* _Information given_
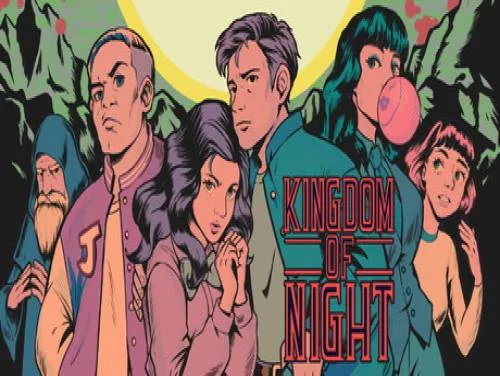 Achievements and Trophies for Kingdom of Night Achievements and Trophies for Kingdom of Night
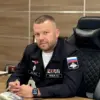 Moscow Procurator's Office Pursues Corruption Case Against Former GVS Agency Head Andrei Belkov Over CT Scanner Procurement
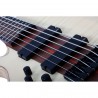 Schecter Charles Berthoud CB-6 LH Natural Satin - Gitara basowa Schecter Charles Berthoud CB-6 LH Natural Satin - Gitara basowa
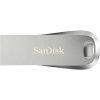 SanDisk Ultra Luxe USB flash disk 512 GB strieborná SDCZ74-512G-G46 USB 3.2 (Gen 1x1); SDCZ74-512G-G46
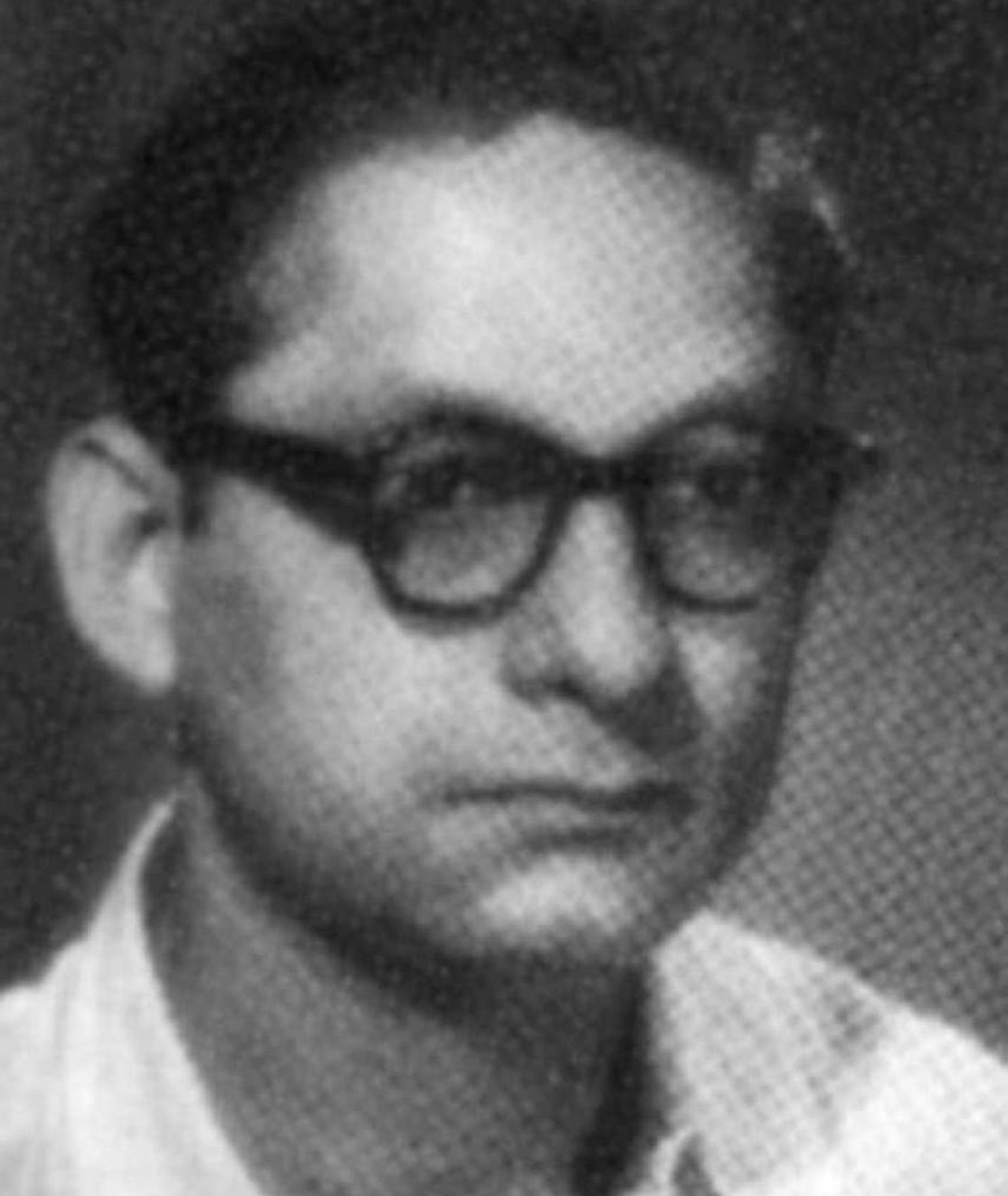 Photo of Robin Chatterjee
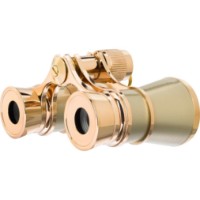 Бинокль Levenhuk Broadway 325B Gold Opera фото №6 — интернет-магазин Desire.md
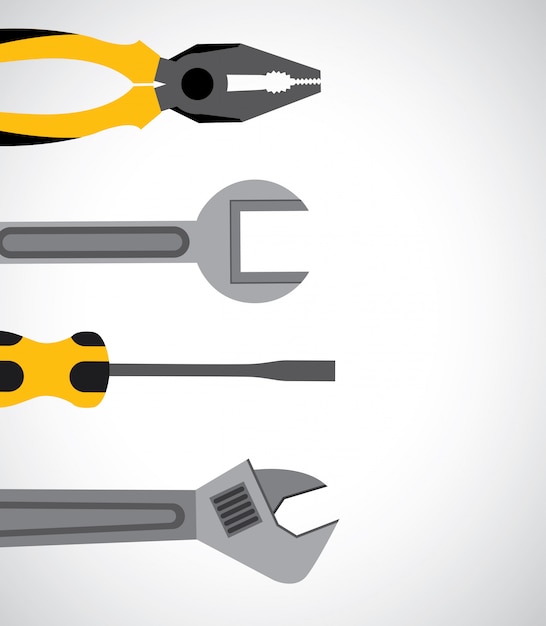 Download Tools | Free Vector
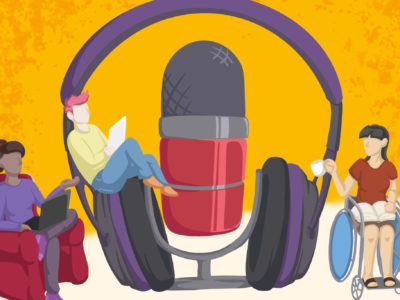 Podcast Wohnen all inklusiv
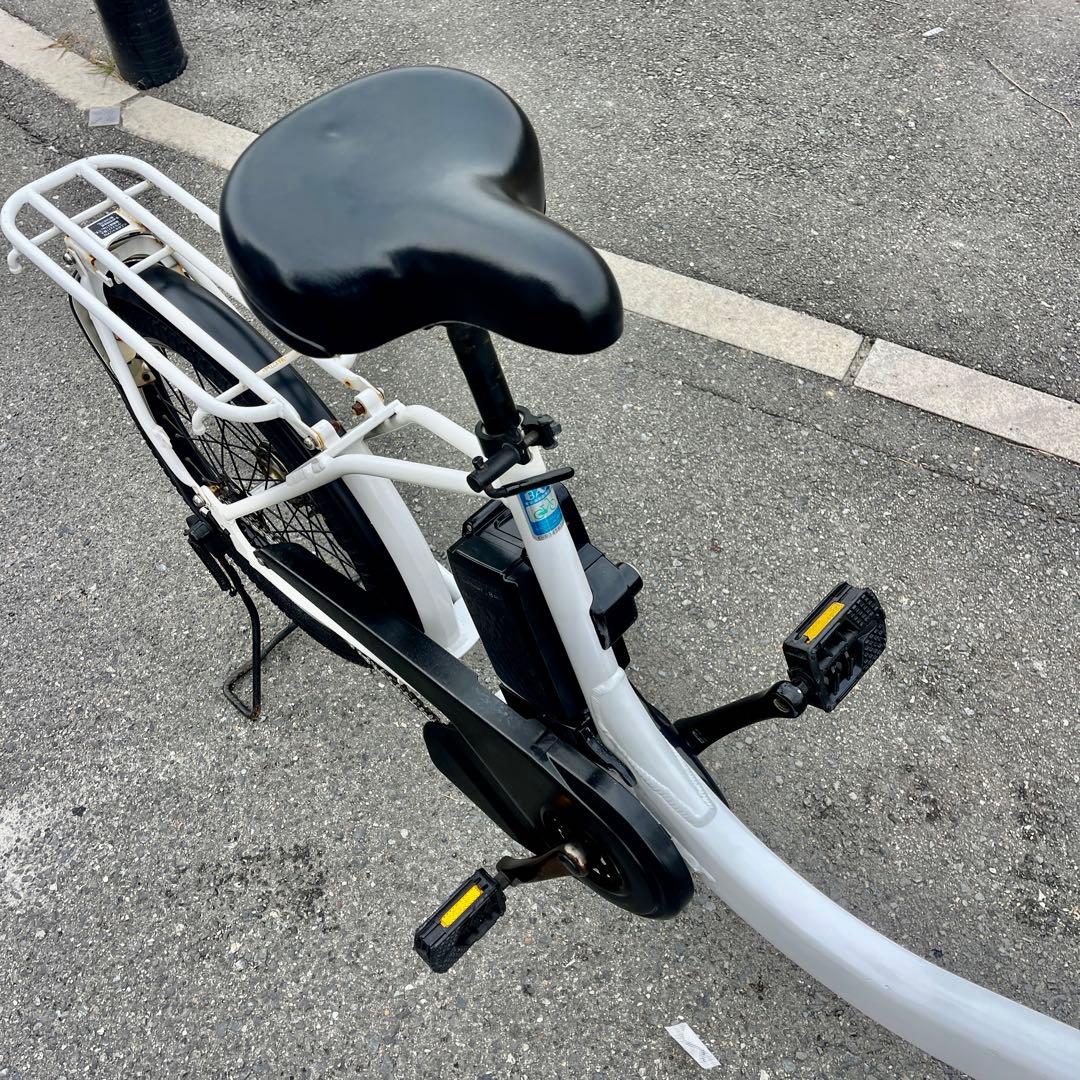 パナソニック SW 2019 【整備済・充電器別売・大阪吹田】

* _Task objective_
Your reply should hold only the lines from the one that contains "Podcast Wohnen all inklusiv" through the last line of the records above, exact and complete, and no pictures.

* _Exercise response_
 Podcast Wohnen all inklusiv
 パナソニック SW 2019 【整備済・充電器別売・大阪吹田】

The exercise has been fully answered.